Task>
The line with "Yacht Photos Pics Explorer 62 EX 62" starts the range, and the last line of the listing ends it. Retype that range exactly, without pictures.

Supplied information>
== Segment start ==

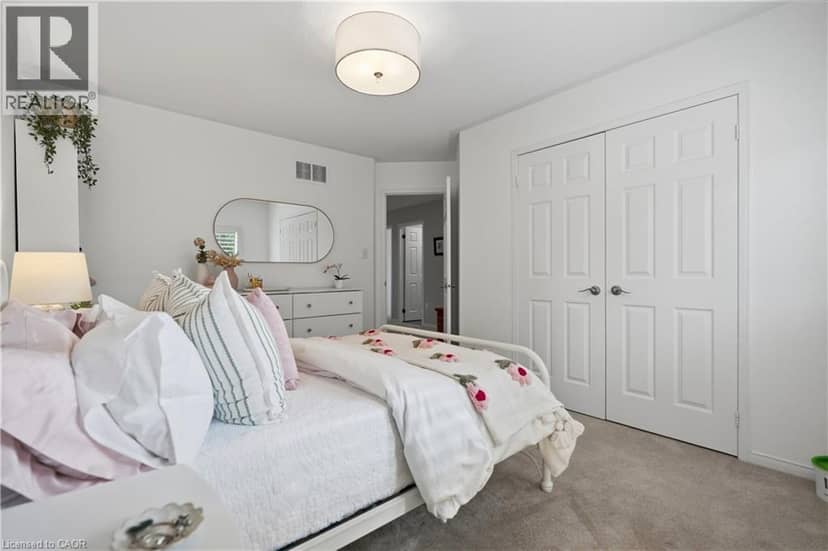 5230 ROME Crescent — photo 35 of 40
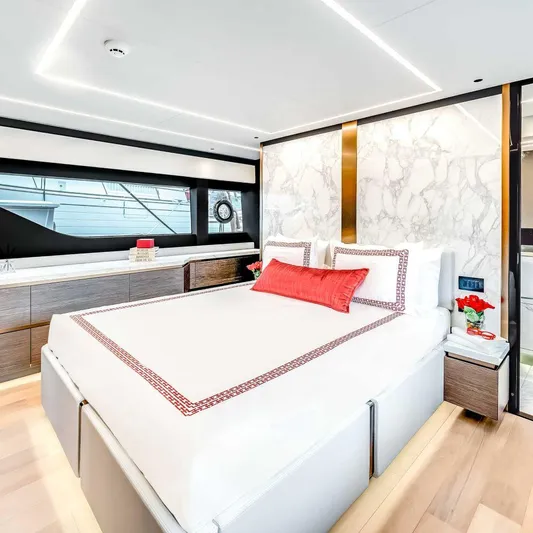  Yacht Photos Pics Explorer 62 EX 62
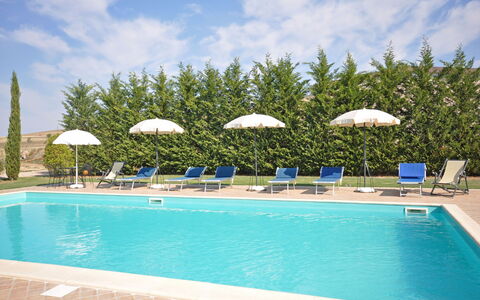 Villa Cassia: Piscina, Propiedad, Recurso, Vacaciones, Ocio, Bienes Raíces, Edificio, Cielo, Casa, Departamento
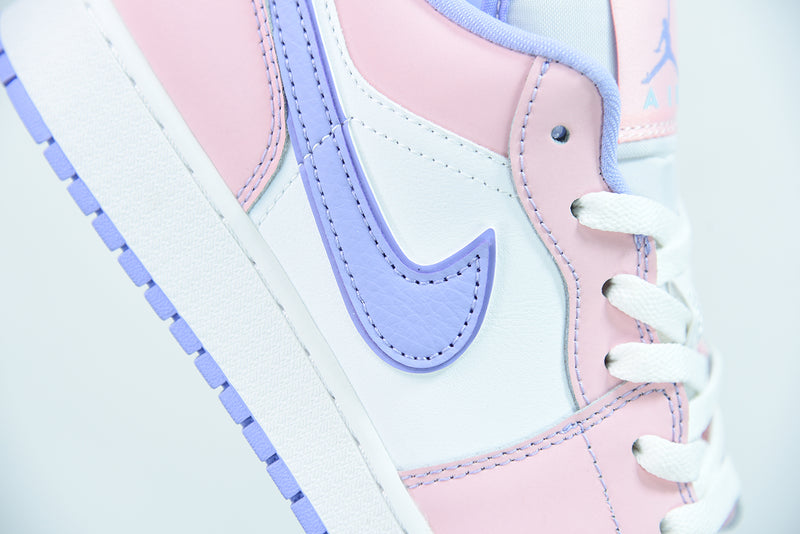 Nike Air Jordan 1 Low GS "Arctic Punch"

== Segment end ==

Result of this task>
  Yacht Photos Pics Explorer 62 EX 62
 Villa Cassia: Piscina, Propiedad, Recurso, Vacaciones, Ocio, Bienes Raíces, Edificio, Cielo, Casa, Departamento
 Nike Air Jordan 1 Low GS "Arctic Punch"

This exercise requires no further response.